Mounting Git commits as folders with NFS

Hello! The other day, I started wondering – has anyone ever made a FUSE
filesystem for a git repository where all every commit is a folder? It turns
out the answer is yes! There’s giblefs,
GitMounter, and git9 for Plan 9.

But FUSE is pretty annoying to use on Mac – you need to install a kernel
extension, and Mac OS seems to be making it harder and harder to install kernel
extensions for security reasons.

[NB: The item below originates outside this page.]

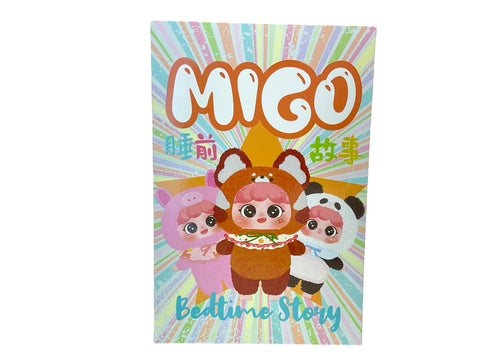 Migo Bedtime Story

Also I had a few ideas for how to organize the
filesystem differently than those projects.

So I thought it would be fun to experiment with ways to mount filesystems on
Mac OS other than FUSE, so I built a project that does that called
git-commit-folders. It works (at least on my computer) with both FUSE and NFS, and there’s a broken WebDav
implementation too.

It’s pretty experimental (I’m not sure if this is actually a useful piece of
software to have or just a fun toy to think about how git works) but it was fun
to write and I’ve enjoyed using it myself on small repositories so here are
some of the problems I ran into while writing it.

goal: show how commits are like folders

The main reason I wanted to make this was to give folks some intuition for how
git works under the hood. After all, git commits really are very similar to
folders – every Git commit contains a directory listing of the files in it,
and that directory can have subdirectories, etc.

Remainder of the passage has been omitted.